Not quite one year after moving onto our farm, and before my parents were able to make the move, my father died, very suddenly and completely unexpectedly. The visions that we shared for this farm are intact within me, and my mother and sister and I are working to see how we can continue without dad. It has been very difficult without him. We are missing him!
My other siblings, two sisters and a brother, are very much in support of what we’re shaping here. How they and their immediate families may join in is yet to be seen. For now at least, our farm is the family gathering place.
Q. How many acres?
A.
- 62 total acres.
- 55 cultivatable class I and class II soils (silty loam).
- 1+ acre wet ground (class III clay loam).
- 3+ acres hillside woods.
- 2+ acres homesite/orchard/barnyard…
- Water rights to irrigate 55 acres.
- Year round spring in middle of farm.
- Domestic well.
- Barnyard well.
Q. What breed and gender of horses?
A. Two strawberry roan Belgian mares, sisters. (Farceur line.) Raised by Ivan Nisly. Approximately 10 & 13 years old. “Grace” & “Daisy.”
And now also a 9 month old bay roan filly, “June.” ¼ Brabant Belgian out of the 13 year old mare by “Bennetts Eminent Sheldon” blue roan, ½ Brabant stallion owned by Brian Slavens, (by Brabant stallion out of Farceur mare).
Q. What crops?
A. My first crop was 10 acres of oats. I harvested 7 acres as hay and 3 acres as whole grain. I’ve made oat hay each year.

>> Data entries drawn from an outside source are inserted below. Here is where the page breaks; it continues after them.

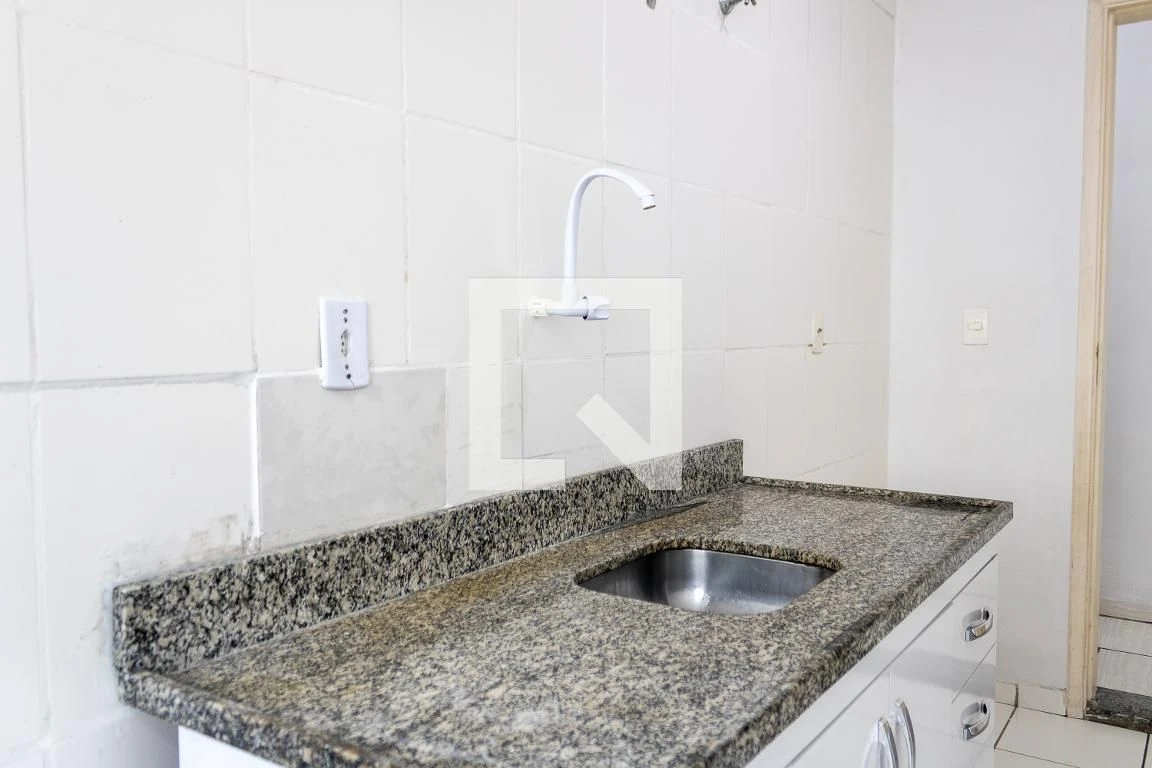 2-bedroom apartment with 1 parking space and laundry area — photo 8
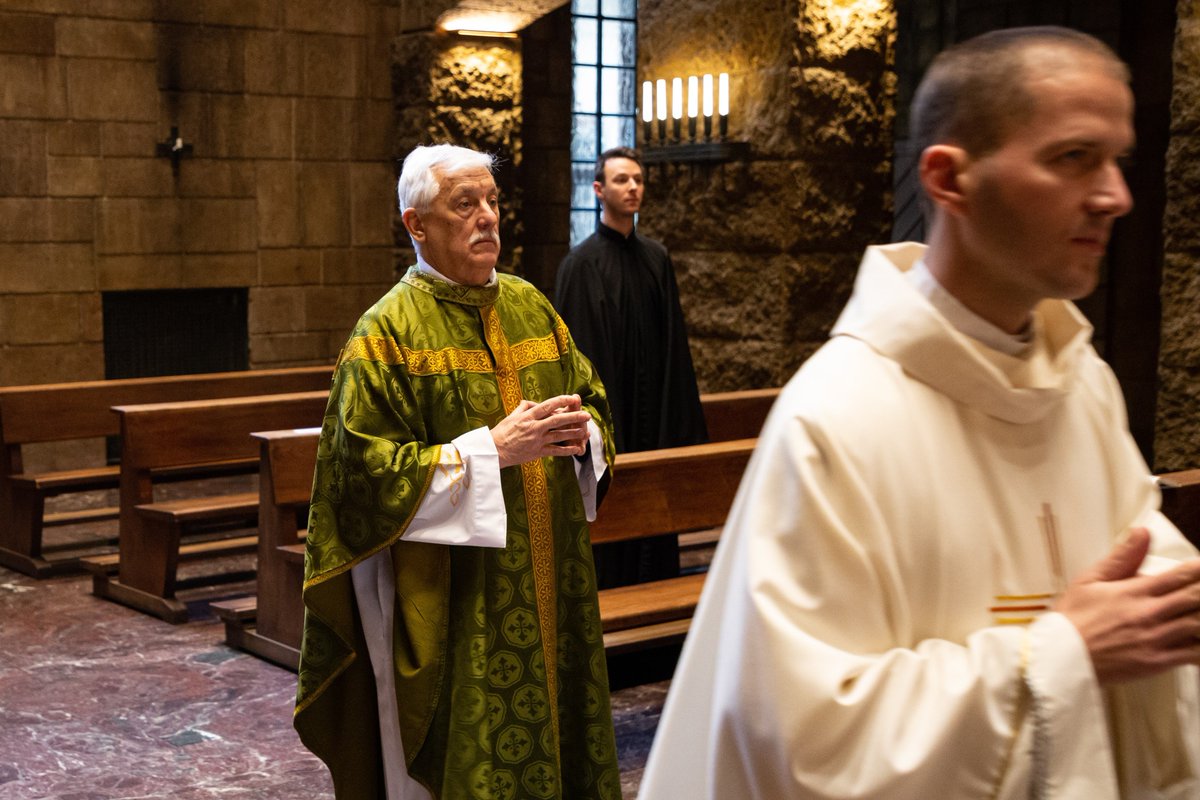 JesuitasGlobal's tweet photo. El 22 de enero de 2023, el P. General Arturo Sosa descubrió un retrato del P. Adolfo Nicolás, que se añade a la galería de retratos de todos los Generales de la Compañía que adorna las paredes del Pontificium Collegium Germanicum-Hungaricum de Roma.
#Jesuitas #PGeneral #Roma https://t.co/vAJbCC4c4m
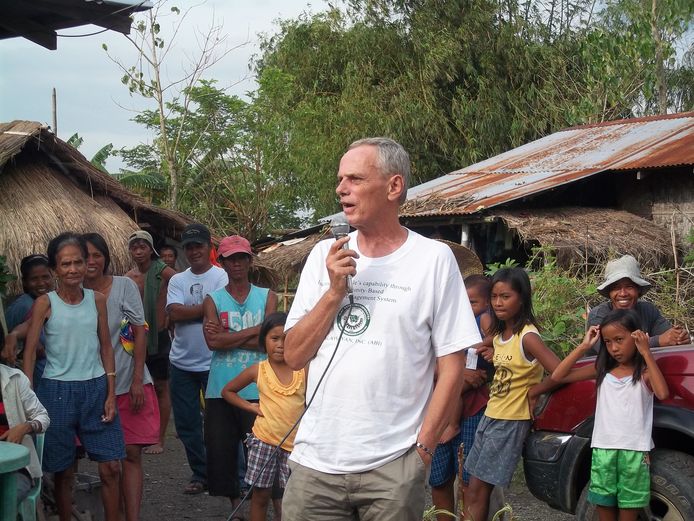 All'inizio di luglio 2012, l'attivista ambientale olandese Willem Geertman è stato assassinato nelle Filippine.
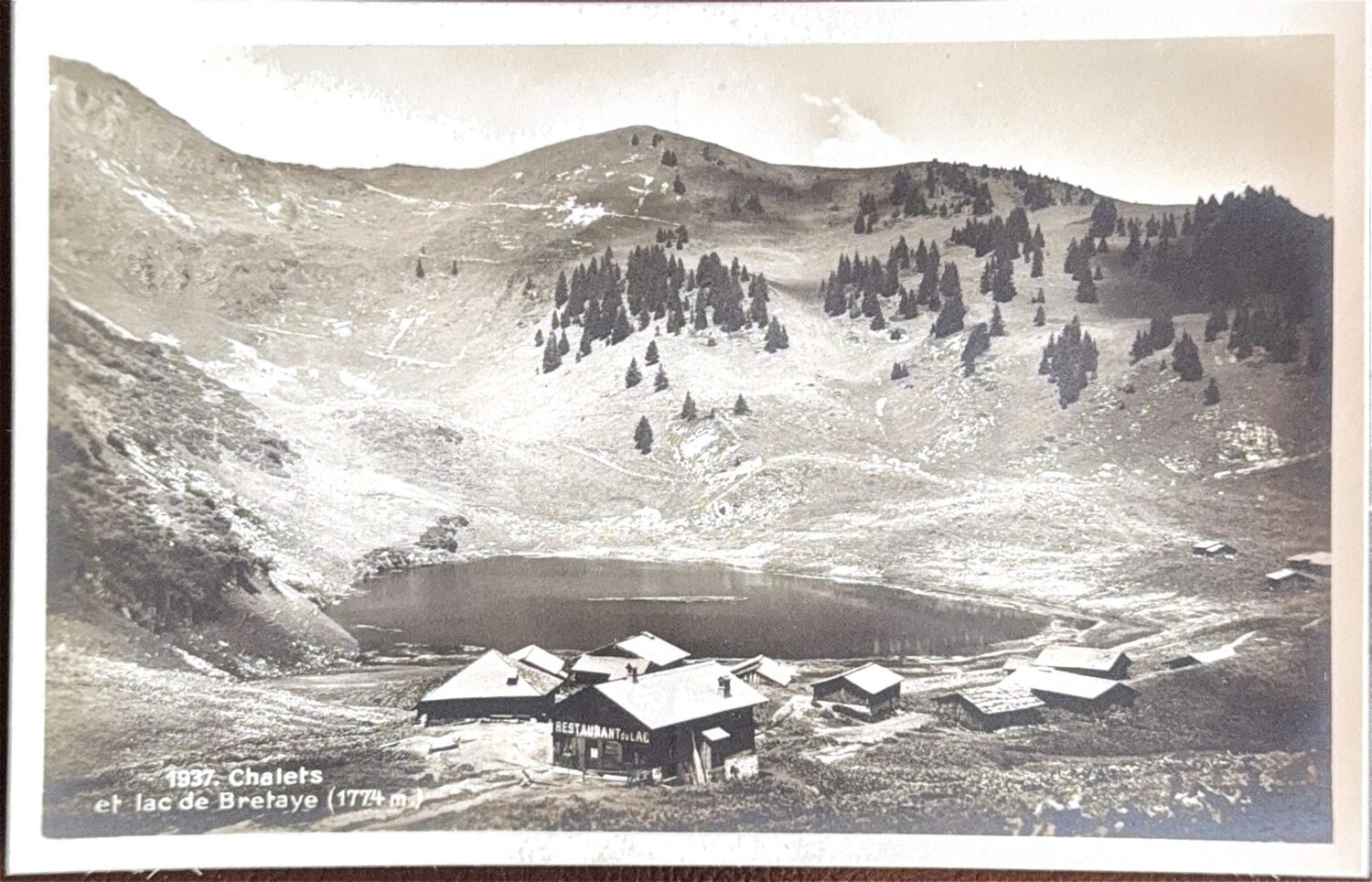 Vintage postcard: chalets and the lake at Bretaye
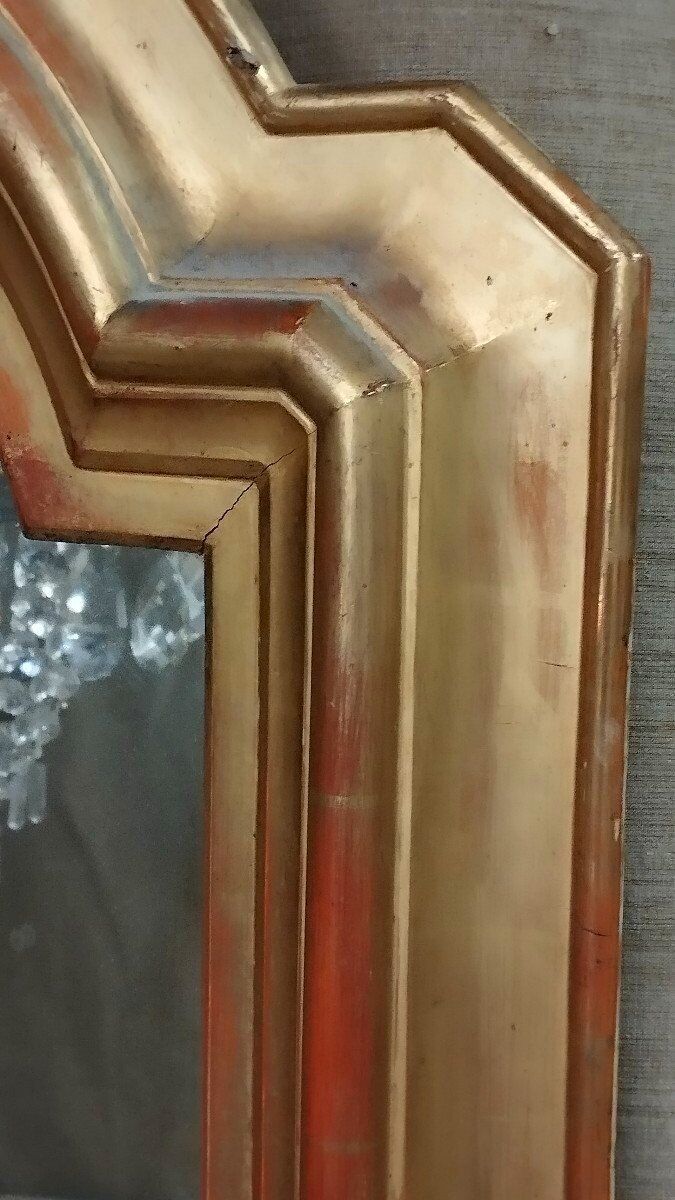 Miroir En Bois Et Peinture Dorée , Période 800,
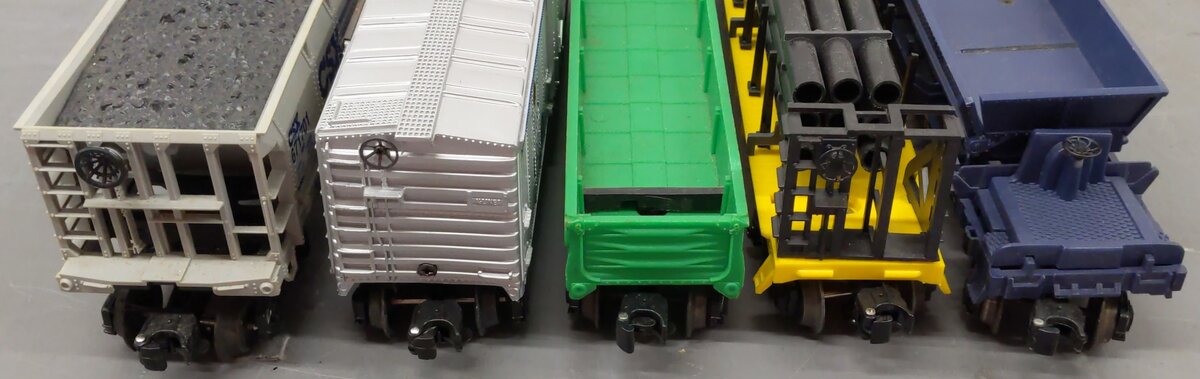 Lionel O Gauge Assorted Freight Cars [5] VG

Last fall I planted 30 acres in pasture, and will graze it as well as hay it. This past spring, I launched into my market gardening project: 4 acres. With no greenhouse for early starts yet, I limited myself to “big seed directly sown” crops: potatoes (5 varieties); onions; winter squash (3 varieties) summer squash (5 varieties); salad cucumbers (2 varieties) pickling cukes; pumpkins (pie and jack-o-lantern); green soybeans; green beans; sweet corn (3 varieties).
Q. Future plans?
A. Another big question, and one that I love, because it can be thought about and answered on so many levels.
The crop/project/enterprise mix I envision:
- Market Garden
- Hay – Oat, Grass and experiment with alfalfa (pH issue)
- Pasture
- Pastured poultry (eggs & meat)
- Sheep (30-50) (meat)
- Composting pigs (thanks to Anne & Eric Nordell)
- Blueberries and Raspberries
- Expand Orchard (apples, pears, prunes, figs, filberts)
- Woodlot
Based on acreages and crop plans, I believe that with six working horses I could manage our fieldwork exclusively with horsepower. My plan to accomplish this goal is to buy a second team as soon as I find the right one, and to raise a couple of teams from my mares.
We have infrastructure plans which will likely take several years to complete, following a priority schedule: Electricity to the barn; Develop the barnyard well; build tie-stalls and harness room; build a greenhouse; make an eggwashing/handling room; install a walk-in cooler; set up a shop;
ETCETERA!
Plans are based on what we know; as my experience expands so does my knowledge, and so plans can change. I have a vision and a hope for extended family and community involvement. I don’t know enough yet to have plans in that regard other than to notice what’s needed among those around me and work our farm to serve the needs.